Much to their surprise, the employees of this mobile gaming company will have to return to the office, whether they like it or not. Regus Patoff, the corporate consultant now calling the shots is not exactly old school, but he certainly does not care what people think of him. He might even pull their accounts back into the black, but it could cost more than their corporate culture in creator Tony Basgallop’s eight episode The Consultant, adapted from Bentley Little’s novel, which premieres today on Prime.

Elaine Hayman assumed her boss’s unexpected death would also mean the demise of CompWare, but then Patoff shows up a few days later with a contract signed by the late Sang Woo, giving him complete operating authority. At his first company meeting, everyone logging-in remotely is given one hour to come into the office or they are fired. Patoff also threatens to pink-slip any employee he deems foul-smelling. He never appears to leave the office, where he constantly demands Hayman meet him at unprofessionally early hours. Yet, he always seems fresh and immaculately dressed.

The clever thing about the early episodes is the ambiguity surrounding Patoff. His name is revealed to be an alias right from the start, but his strategies are not always utterly irredeemable. In fact, the Mephistophelean consultant is open to new game pitches from frustrated staffers like Craig Horne, Hayman’s former office hook-up whom she still keeps flirting with, despite his engagement to the decidedly Catholic and un-slackerly Patti. However, as Patoff pushes the company to launch Horne’s unlikely game concept, he forces everyone around him to make Faustian bargains, especially Hayman.

Frankly,
The Consultant cannot really be called a “workplace” comedy or drama, because CompWare is not a proper workplace, at least not until Patoff shows up. Unfortunately, Patoff’s potential for creative destruction eventually dissolves into predictably sinister and not particularly logical villainy in the later episodes.

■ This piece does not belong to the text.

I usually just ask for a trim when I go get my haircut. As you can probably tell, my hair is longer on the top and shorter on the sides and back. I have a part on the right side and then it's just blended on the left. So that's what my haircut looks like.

Frankly, it is like Basgallop’s adaptation just implodes. For a while, Hayman and Horne sleuth out bizarre hints to Patoff’s backstory, but none of that intriguingly weird material pays off at the end. Even more troublingly, there are times when the character of Patti seems to be targeted for manipulation out of a desire to see a Roman Catholic corrupted, which constitutes religious bigotry (for instance, she has fantasy-delusions involving the confessional booth).

It is a shame that such a strong start eventually runs off course and crashes. The episodes, around thirty-five minutes each, are initially highly bingeable and promise mystery and intrigue at an unusually weird level. Christoph is perfectly cast as Patoff, delivering each verbal barb with gleefully sly understatement. He might be a monster to work for (literally), but it sure looks like he enjoys his job.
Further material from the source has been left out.